Industrielle Dieselgeräte auf den Salomonen zeigen trotz des Austauschs von Kraftstofffiltern wiederholt eine Feinstaubkontamination, da das Umgehungsventil und die Gehäuseflusswege erneut überprüft werden
Neue Filter stoppten das Kontaminationsmuster nicht
Industrielle Dieselgeräte auf den Salomonen zeigten wiederholt eine Feinstaubkontamination stromabwärts im Kraftstoffsystem.
Das Wartungsteam tauschte das Kraftstofffilterelement mehr als einmal aus, dennoch kehrten die Anzeichen einer Kontamination immer wieder zurück.
Anstatt zu dem Schluss zu kommen, dass jeder Ersatzfilter von schlechter Qualität war, untersuchte die Werkstatt, obder gesamte Kraftstoff tatsächlich durch das Filtermedium flosszu unterscheiden.
Ein Filtergehäuse kann mehr als einen Flussweg enthalten
Abhängig vom Design kann eine Kraftstofffilterbaugruppe Folgendes umfassen:
- normaler gefilterter Flussweg;
- Umgehungsweg;
- druckregelnde Funktion;
- Ablaufweg;
- und interne Dichtungsflächen.
Wenn ein Umgehungsventil offen bleibt, wenn es nicht offen sein sollte, kann ein Teil des Kraftstoffs den beabsichtigten Filtrationsweg vermeiden.
Die erste Frage war: "Wohin fließt der Kraftstoff?"
Das Team kartierte das Gehäuse, anstatt einfach ein weiteres Element zu wechseln.
Sie überprüften:
- Filterinstallation;
- Dichtflächen;
- Mittelrohranordnung;
- Position des Umgehungsventils;
- Zustand der Feder oder des Ventils;
- und Gehäusekontamination.
Dies ermöglichte es ihnen, einFiltermedienproblemvon einemFlusswegproblemzu unterscheiden.

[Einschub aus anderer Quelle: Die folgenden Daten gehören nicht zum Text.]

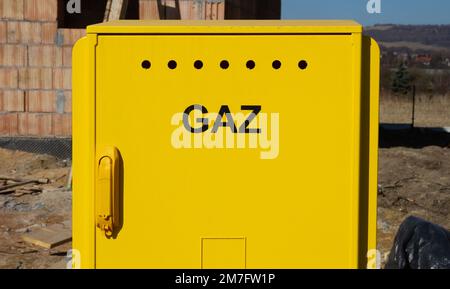 Yellow metal gas connection box at the construction site of new house. Unfinished home building under construction in Poland. Stock Photo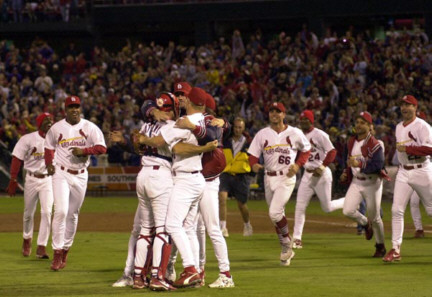 Cards players rush the field after clinching home field advantage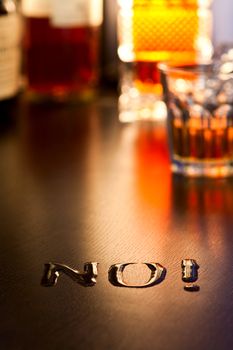 The word No! written with spoiled whiskey on a table, shallow DOF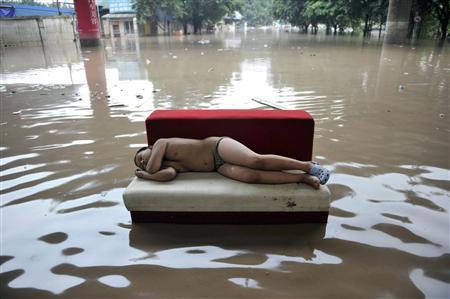 Criança dorme em rua inundada em Chongqing | REUTERS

Falsche Installation kann ein Umgehungsversagen imitieren
Selbst wenn das Umgehungsventil funktionsfähig ist, kann sich der Kraftstoff falsch bewegen, wenn:
- das Filterelement falsch ist;
- eine Dichtung fehlt;
- eine Dichtung falsch positioniert ist;
- das Element nicht vollständig sitzt;
- oder das Gehäuse beschädigt ist.
Die Werkstatt verifizierte daher die vollständige Filterbaugruppe.
Warum die Einspritzkontamination zu einem nachgeschalteten Symptom wurde
Feine Verunreinigungen, die Präzisionseinspritzkomponenten erreichen, können zu Folgendem beitragen:
- Verschleiß des Regelventils;
- Düsenausfälle;
- Pumpenverschleiß;
- und abnormale Leckagen.
Aber wiederholte Kontamination sollte nicht nur durch die Reparatur der Einspritzdüsen behandelt werden.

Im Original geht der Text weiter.